Late-Breaking Abstract Presentations
Sailesh Kumar, FRCOG, FRCS, MBBS, PhD (he/him/his)
Professor of Obstetrics & Gynaecology
The University of Queensland
Brisbane, Queensland, Australia
Ben W. Mol, MD, PhD (he/him/his)
Professor in Obstetrics & Gynaecology
Monash University
Clayton, Victoria, Australia
William Tarnow-Mordi, MD
Professor
The University of Sydney
Sydney, New South Wales, Australia
Jon Hyett, MBBS, PhD
University of Sydney
Sydney, New South Wales, Australia
Nadia Badawi, PhD
University of Sydney
Sydney, New South Wales, Australia
Annalene Seidler, PhD
Medical Uni Rostock
Rostock, Mecklenburg-Vorpommern, Germany
Helen Liley, MBBS
Mater Research Institute-University of Queensland
Brisbane, Queensland, Australia
Emily Callander, PhD
University Technology Sydney
Sydney, New South Wales, Australia
Vicky Flenady, PhD
Mater Research Institute-University of Queensland
Brisbane, Queensland, Australia
Sue Walker, MBBS MD FRANZCOG CMFM (she/her/hers)

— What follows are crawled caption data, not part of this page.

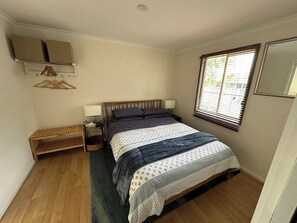 1 bedroom, iron/ironing board, Internet, bed sheets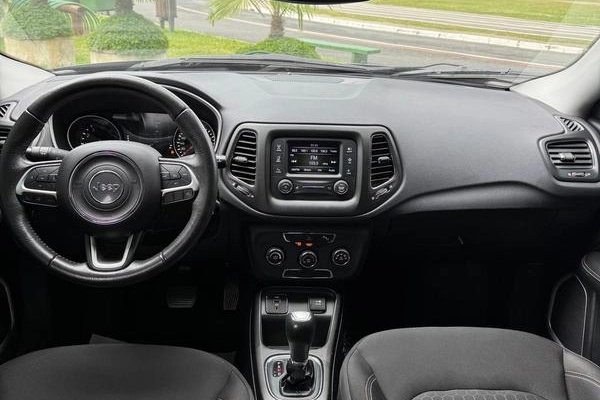 imagem-https://www.socarrao.com.br/sc-vehicle-images-prod/4074447/1790207651210-8507794_9_B_fc70acb8b9.jpeg
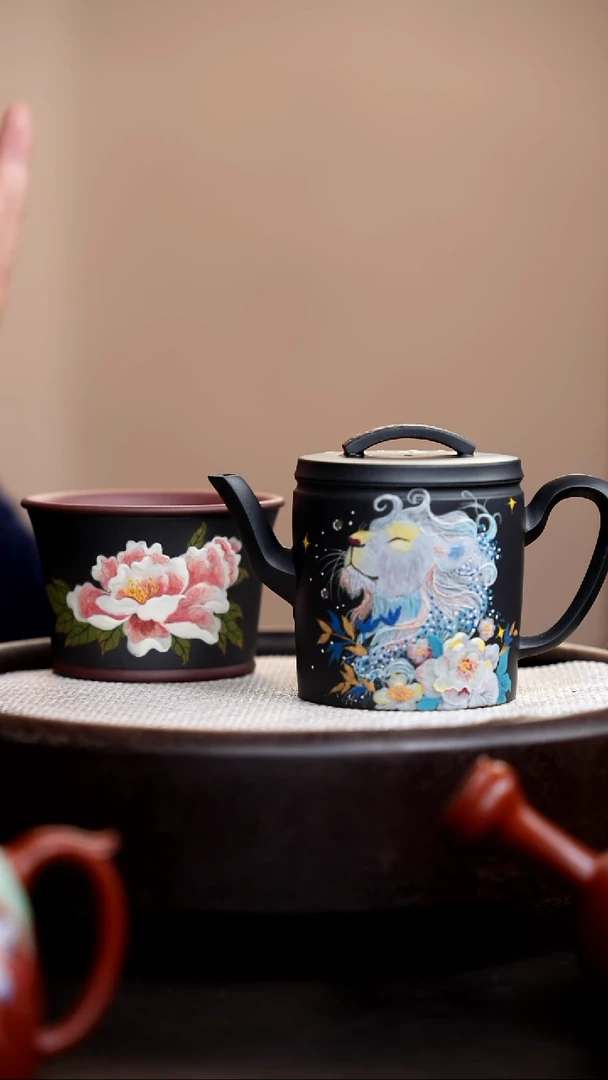茶壶紫砂云雾天青高汉瓦泥绘蓝狮子+杯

Professor Maternal Fetal Medicine, University of Melbourne
Department of Obstetrics, Gynaecology and Newborn Health, University of Melbourne
Melbourne, Victoria, Australia
Rachel O'Connell, PhD
University of Sydney
Sydney, New South Wales, Australia
Sildenafil citrate (SC) has been proposed as a drug to reduce fetal distress during labour. We assessed its effectiveness in a large placebo controlled clinical trial.
Study Design:
This was a double-blind multicentre randomised controlled trial (Trial Registration Number ACTRN12621000231842) funded by the Australian Medical Research Future Fund. We randomised women attempting vaginal birth at term to 50mg SC every 8 hours during labour (maximum of 3 doses) or placebo. Primary outcome was a composite of 10 adverse neonatal outcomes (intrapartum stillbirth, neonatal death, Apgar score < 4 at 5 minutes, cord artery pH < 7.0, neonatal encephalopathy, neonatal seizures, neonatal respiratory support >4 hours, neonatal unit admission > 48hours, persistent pulmonary hypertension of the newborn and meconium aspiration syndrome). Secondary outcomes were caesarean section (CS) or instrumental vaginal birth (IVB) for fetal distress. The sample size of 3200 women was predicated on a 35% reduction in the RR of the composite perinatal outcome by 35% (7% to 4.55%).
Results:
Between 7 September 2021 and 30 June 2024 we randomized 3257 women (including 18 sets of twins) to SC (1626) and placebo (1631). Induction of labour occurred in 83.5% of the SC cohort and 82.9% of the placebo group. Electronic fetal heart rate monitoring rates were similar (97.4%) in both arms. The primary outcome occurred in 5.1% of women taking SC and 5.2% of those taking placebo [RR 1.02 (0.75-1.37)] with no differences in any of the components of the composite outcome. There was also no difference in rates of CS or IVB for fetal distress [21.1% vs. 18.8%, RR 1.12 (0.98-1.29)]. Blood loss >1000ml occurred in 10.1% in the SC group vs. 7.9% [RR1.29, (1.03-1.60)].
Conclusion:
Maternal oral SC in women undergoing term labour did not result in a reduction of adverse neonatal outcomes potentially related to intrapartum hypoxia.